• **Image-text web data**

=====

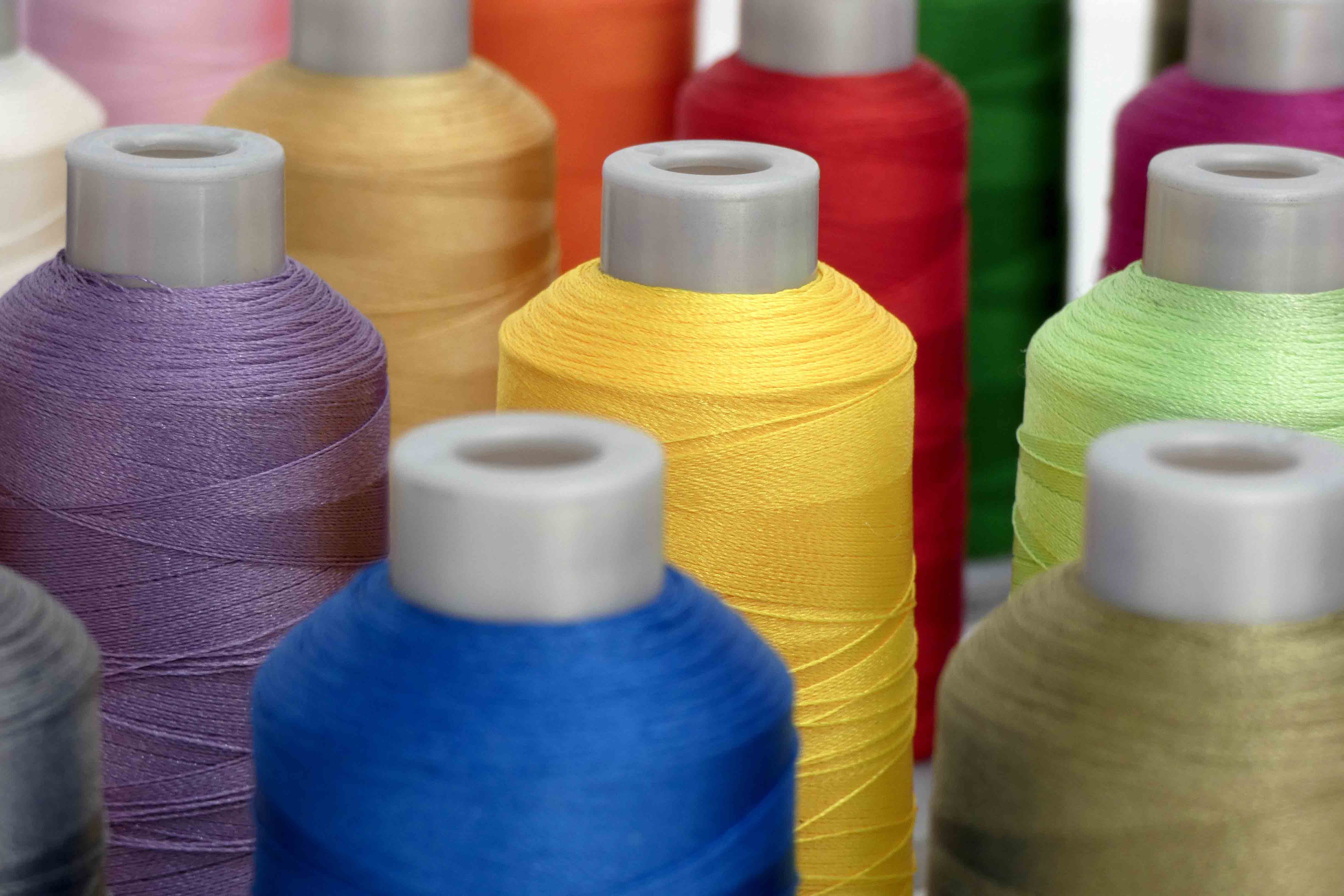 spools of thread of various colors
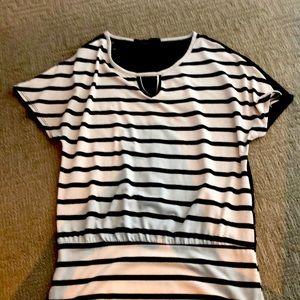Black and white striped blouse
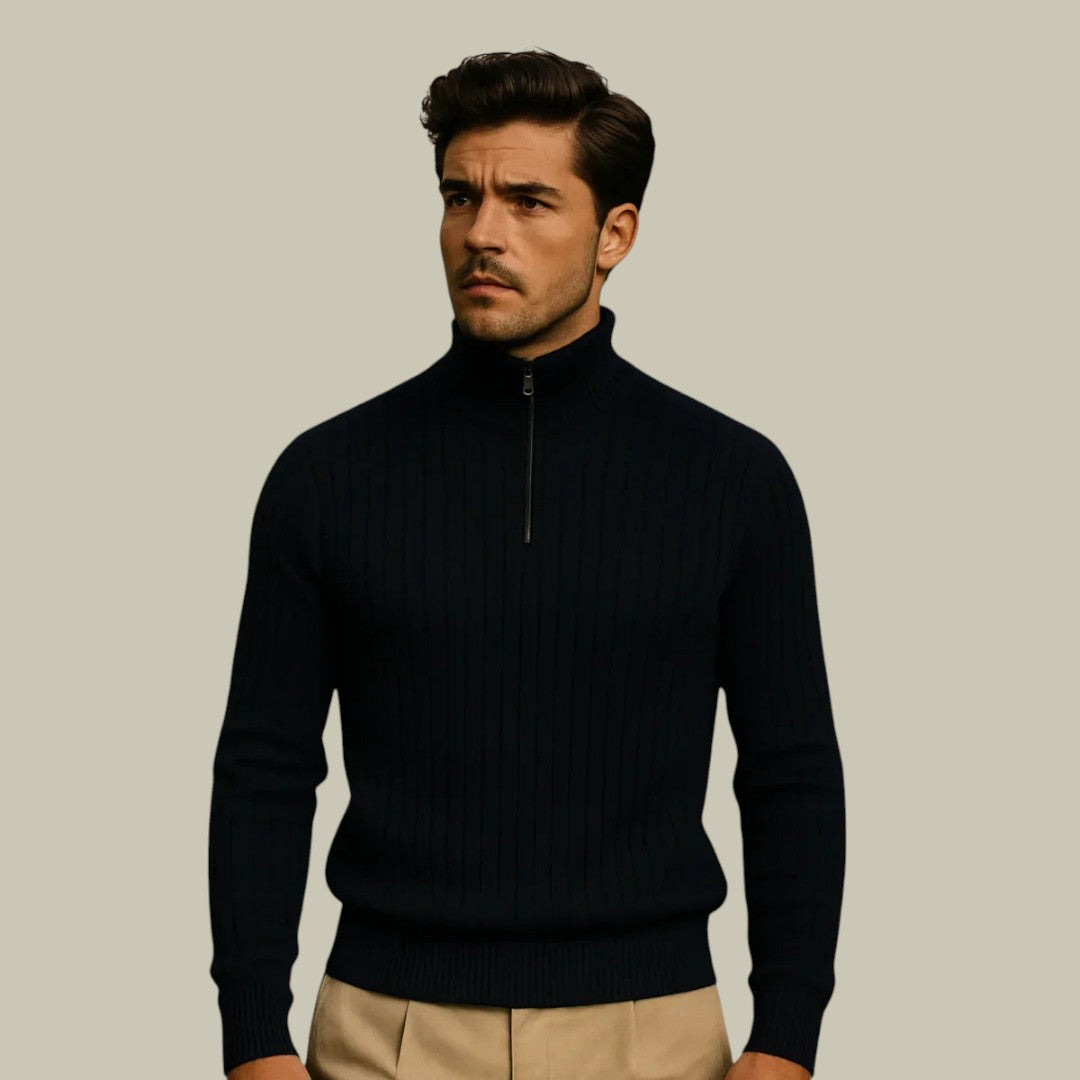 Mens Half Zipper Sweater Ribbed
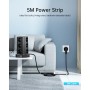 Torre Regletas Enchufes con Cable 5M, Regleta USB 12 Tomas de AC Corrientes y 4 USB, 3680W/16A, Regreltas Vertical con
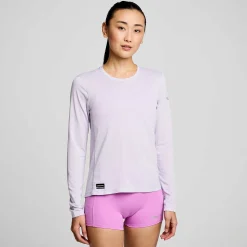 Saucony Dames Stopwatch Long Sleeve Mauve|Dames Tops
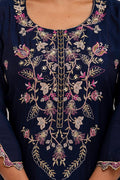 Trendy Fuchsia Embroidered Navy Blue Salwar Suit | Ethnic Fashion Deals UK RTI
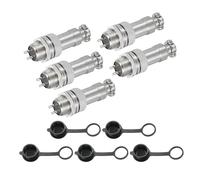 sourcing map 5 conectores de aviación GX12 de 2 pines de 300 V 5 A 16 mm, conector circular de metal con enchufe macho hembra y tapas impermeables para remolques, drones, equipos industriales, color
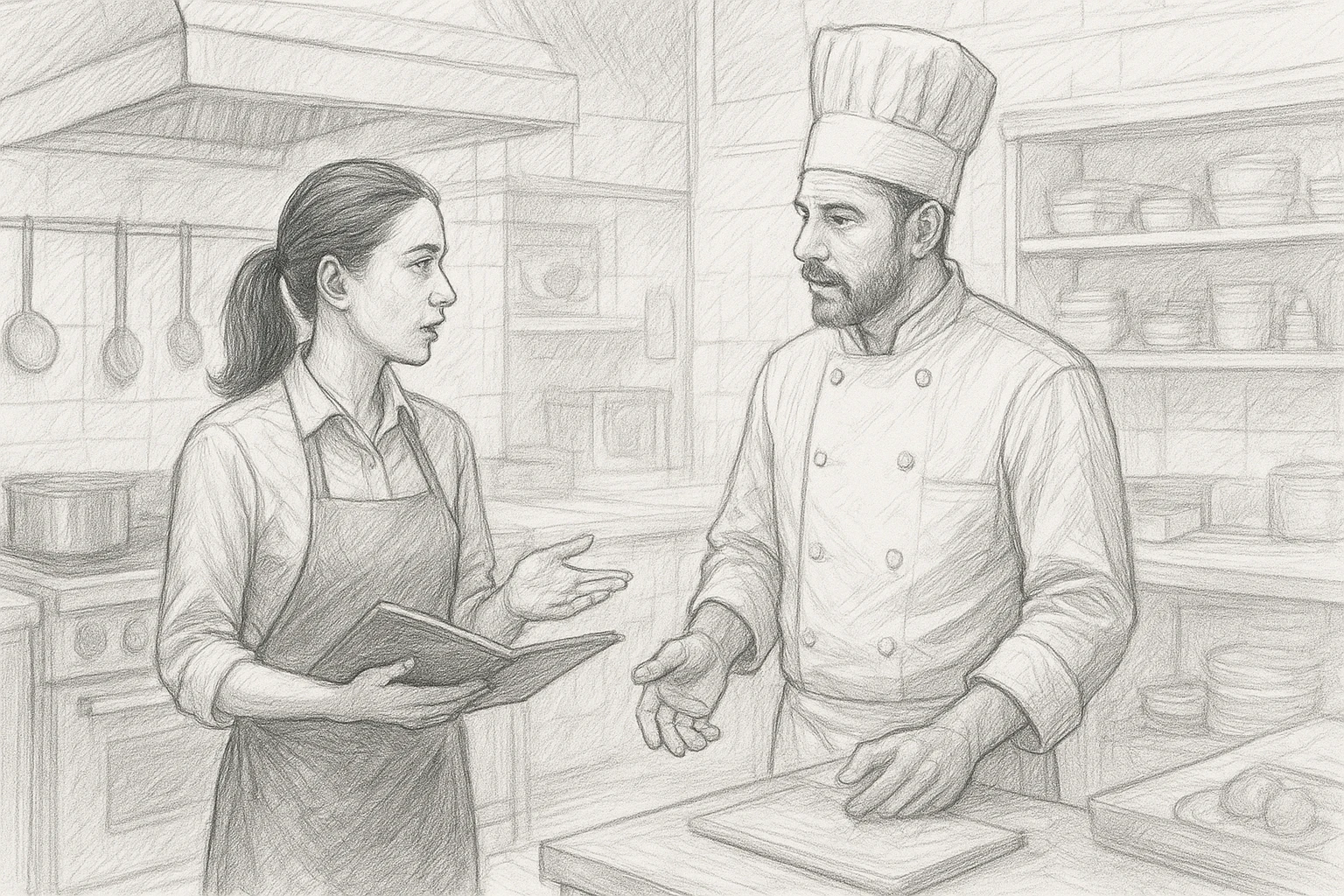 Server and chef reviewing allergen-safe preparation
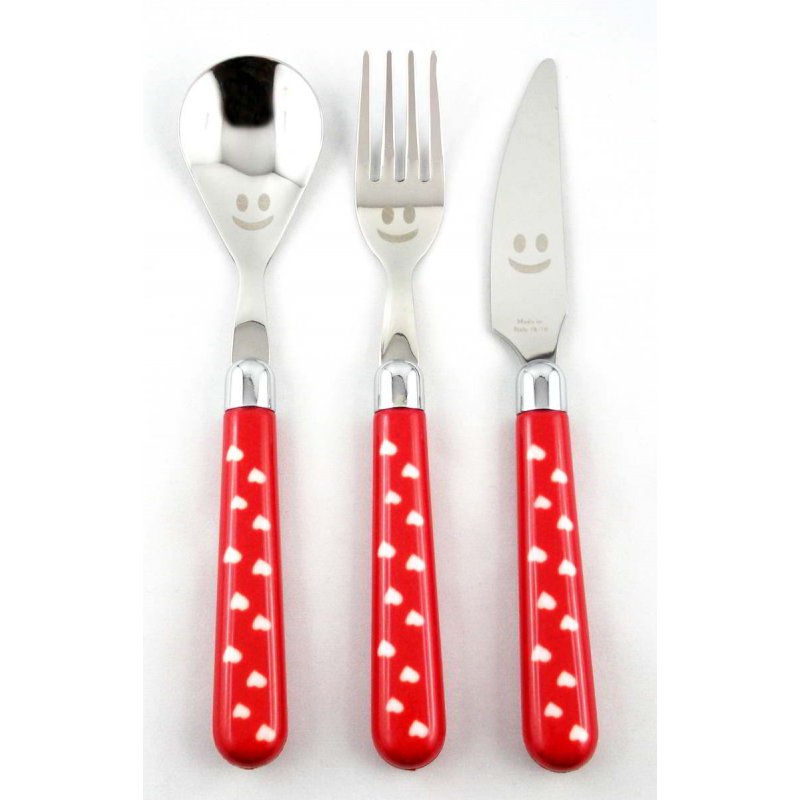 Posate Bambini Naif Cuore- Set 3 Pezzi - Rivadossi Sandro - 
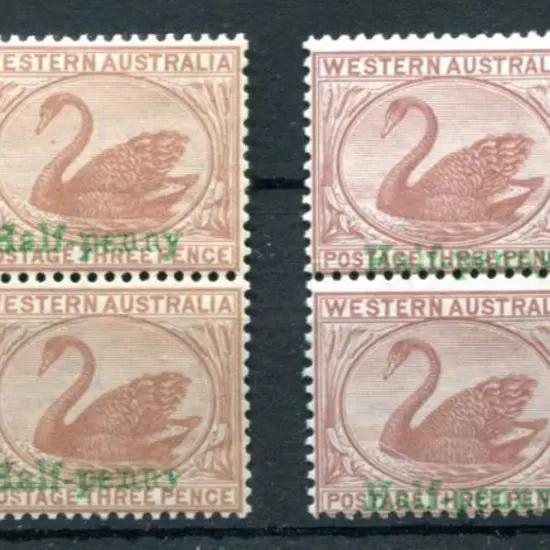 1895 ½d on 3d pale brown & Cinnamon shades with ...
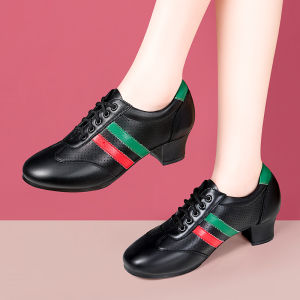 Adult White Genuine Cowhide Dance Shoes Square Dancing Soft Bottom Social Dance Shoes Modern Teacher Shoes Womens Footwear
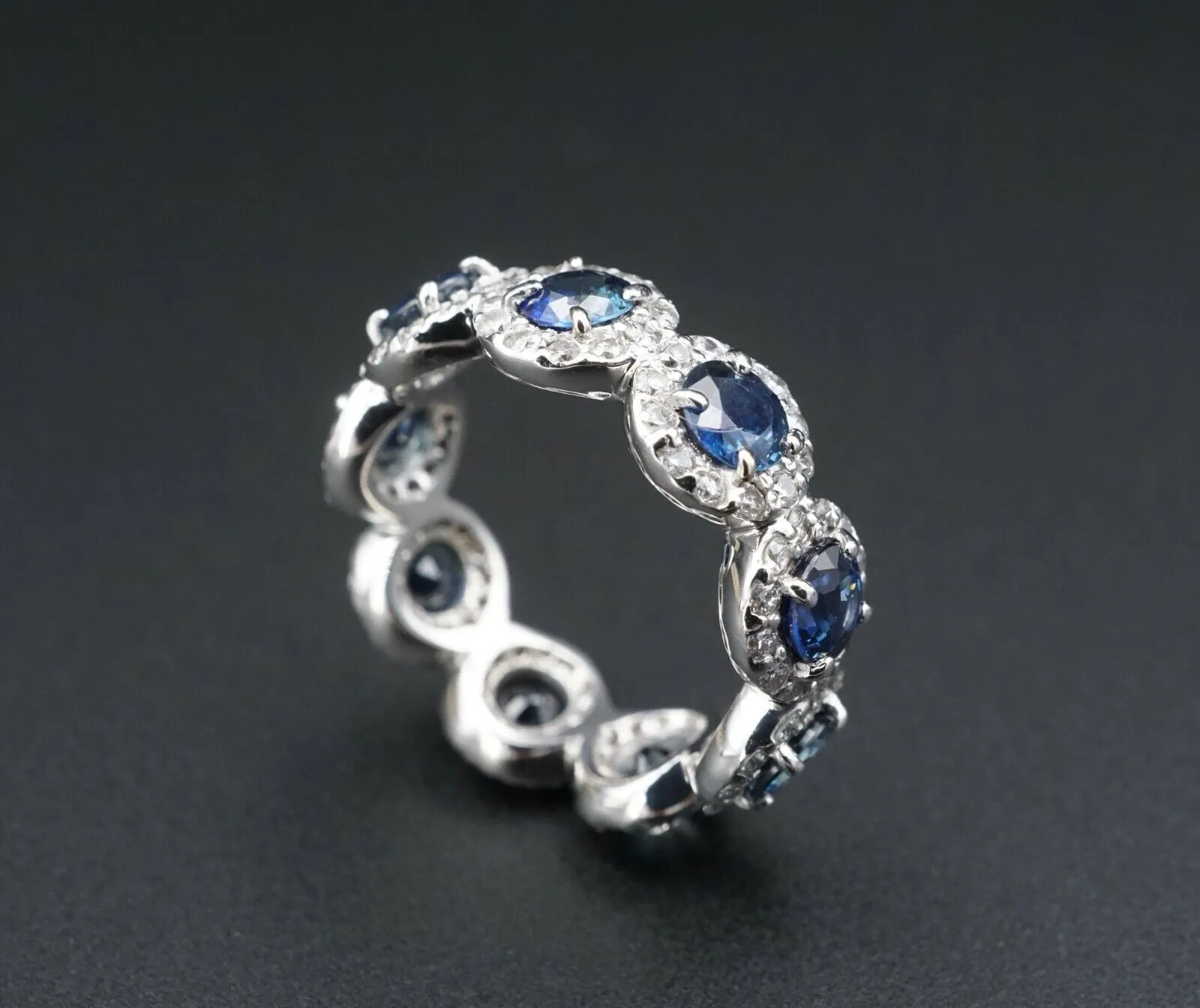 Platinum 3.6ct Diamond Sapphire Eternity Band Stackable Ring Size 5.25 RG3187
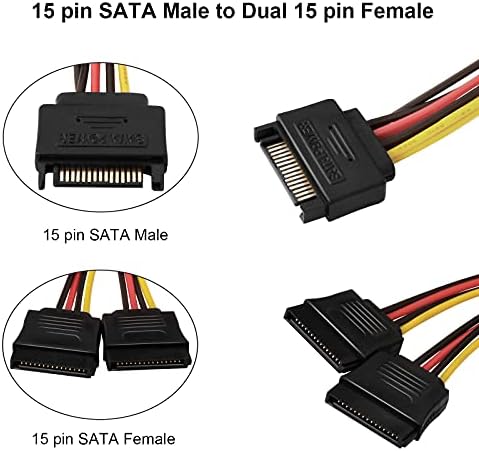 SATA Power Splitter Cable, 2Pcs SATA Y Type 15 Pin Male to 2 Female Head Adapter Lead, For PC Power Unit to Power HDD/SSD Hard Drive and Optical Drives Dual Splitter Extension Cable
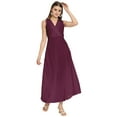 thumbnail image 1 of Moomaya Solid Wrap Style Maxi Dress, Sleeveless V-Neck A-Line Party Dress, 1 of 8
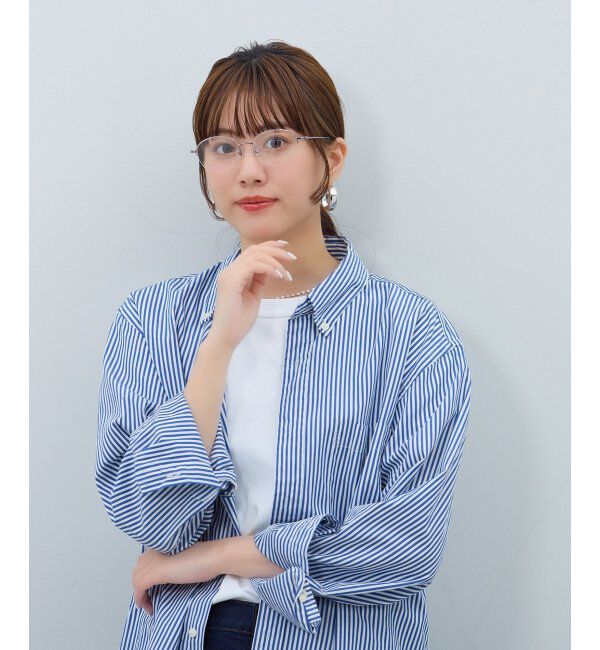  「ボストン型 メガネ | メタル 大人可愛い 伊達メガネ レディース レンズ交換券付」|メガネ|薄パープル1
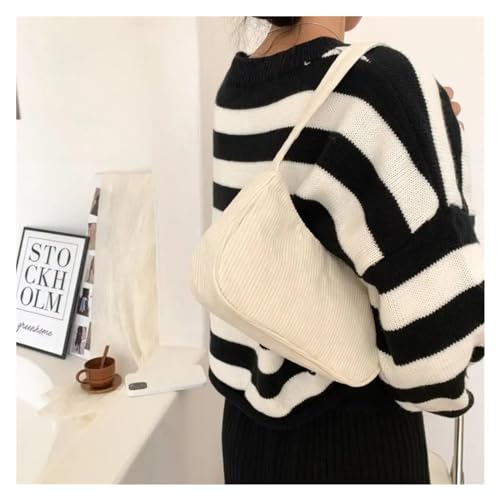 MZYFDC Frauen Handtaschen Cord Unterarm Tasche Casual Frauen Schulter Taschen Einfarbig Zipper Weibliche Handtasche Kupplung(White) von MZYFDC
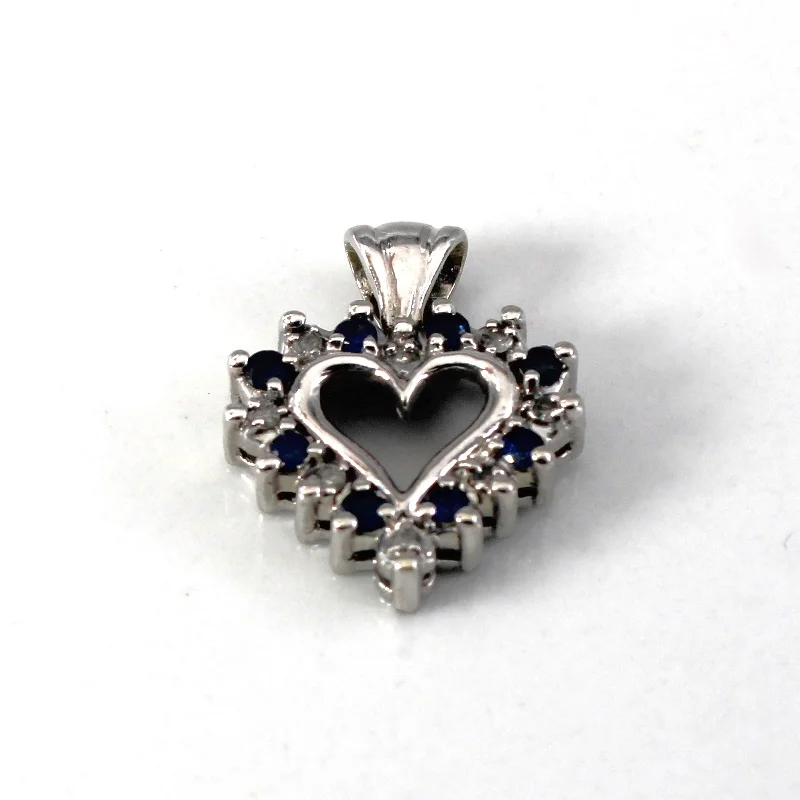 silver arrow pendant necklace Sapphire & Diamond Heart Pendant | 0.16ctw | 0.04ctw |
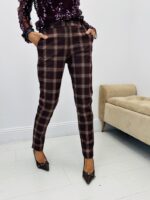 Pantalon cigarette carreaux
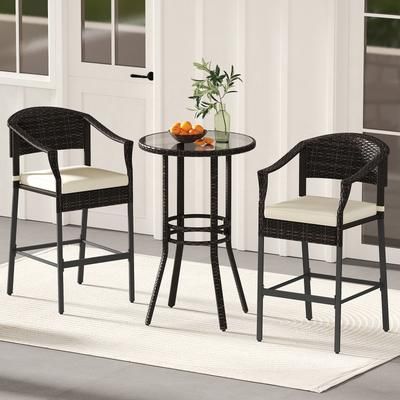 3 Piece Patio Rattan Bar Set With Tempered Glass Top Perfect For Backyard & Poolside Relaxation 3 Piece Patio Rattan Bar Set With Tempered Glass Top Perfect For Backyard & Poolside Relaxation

=====

• **EXERCISE DESCRIPTION**
Please retype the records above exactly, leaving every image out.

• **FINISHED TASK**
 spools of thread of various colors
Black and white striped blouse
 Mens Half Zipper Sweater Ribbed
 Torre Regletas Enchufes con Cable 5M, Regleta USB 12 Tomas de AC Corrientes y 4 USB, 3680W/16A, Regreltas Vertical con
 Saucony Dames Stopwatch Long Sleeve Mauve|Dames Tops
 Trendy Fuchsia Embroidered Navy Blue Salwar Suit | Ethnic Fashion Deals UK RTI
 sourcing map 5 conectores de aviación GX12 de 2 pines de 300 V 5 A 16 mm, conector circular de metal con enchufe macho hembra y tapas impermeables para remolques, drones, equipos industriales, color
 Server and chef reviewing allergen-safe preparation
 Posate Bambini Naif Cuore- Set 3 Pezzi - Rivadossi Sandro - 
 1895 ½d on 3d pale brown & Cinnamon shades with ...
 Adult White Genuine Cowhide Dance Shoes Square Dancing Soft Bottom Social Dance Shoes Modern Teacher Shoes Womens Footwear
 Platinum 3.6ct Diamond Sapphire Eternity Band Stackable Ring Size 5.25 RG3187
 SATA Power Splitter Cable, 2Pcs SATA Y Type 15 Pin Male to 2 Female Head Adapter Lead, For PC Power Unit to Power HDD/SSD Hard Drive and Optical Drives Dual Splitter Extension Cable
 thumbnail image 1 of Moomaya Solid Wrap Style Maxi Dress, Sleeveless V-Neck A-Line Party Dress, 1 of 8
  「ボストン型 メガネ | メタル 大人可愛い 伊達メガネ レディース レンズ交換券付」|メガネ|薄パープル1
 MZYFDC Frauen Handtaschen Cord Unterarm Tasche Casual Frauen Schulter Taschen Einfarbig Zipper Weibliche Handtasche Kupplung(White) von MZYFDC
 silver arrow pendant necklace Sapphire & Diamond Heart Pendant | 0.16ctw | 0.04ctw |
 Pantalon cigarette carreaux
 3 Piece Patio Rattan Bar Set With Tempered Glass Top Perfect For Backyard & Poolside Relaxation 3 Piece Patio Rattan Bar Set With Tempered Glass Top Perfect For Backyard & Poolside Relaxation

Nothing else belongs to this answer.